W mieście św. Józefa
Ale tak jak Częstochowa jest duchową stolicą maryjną Polski, tak Kalisz - duchową stolicą św. Józefa - mówi ks. prałat dr Jacek Plota. Kult św. Józefa w Kaliszu sięga początków XVII w. i ma związek z obrazem Świętej Rodziny. Ok. 1625 r. ufundował go do kolegiaty kaliskiej niejaki Stobienia - mieszkaniec podkaliskiej wsi Szulec jako wotum dziękczynne za uzdrowienie. Opisał je w pierwszej połowie XVIII w. ks. Józef Świtalski. Według tej relacji sparaliżowany Stobienia, zmożony długą chorobą, prosił Boga o śmierć. Następnej nocy przyszła do niego sędziwa osoba, w której od razu rozpoznał św. Józefa, i z uśmiechem poleciła, by zlecił namalowanie obrazu. W jego centrum znaleźć się mieli: Najświętsza Maryja, Jej Oblubieniec Józef Święty oraz „Dziecina Jezus, od Oboyga, za Rączki prowadzony”. Kiedy Stobienia ucałował gotowy i poświęcony obraz, odzyskał zdrowie. Wkrótce po umieszczeniu obrazu w kolegiacie odnotowano pierwsze łaski.

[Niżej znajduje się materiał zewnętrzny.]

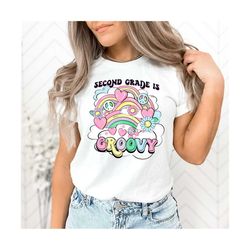 hello second grade shirt,second grade is groovy tee,back to school shirt,kindergarten teacher tee,teacher appreciation t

Do Kalisza sznurem zaczęli ciągnąć pielgrzymi, by prosić św. Józefa o wstawiennictwo przed Bogiem w różnych sprawach. Dowodem skuteczności świętego są dzisiaj liczne wota wieszane przy obrazie. Od początku łaski i cuda dokumentowano. W 1770 r., po zbadaniu ich, arcybiskup gnieźnieński uznał kaliski obraz, już wcześniej nazwany słynącym łaskami, za cudowny. 31 maja 1783 r. papież Pius VI koronował w Rzymie kopię obrazu św. Józefa i wydał dekret zezwalający na koronację w Kaliszu, która odbyła się 15 maja 1796 r.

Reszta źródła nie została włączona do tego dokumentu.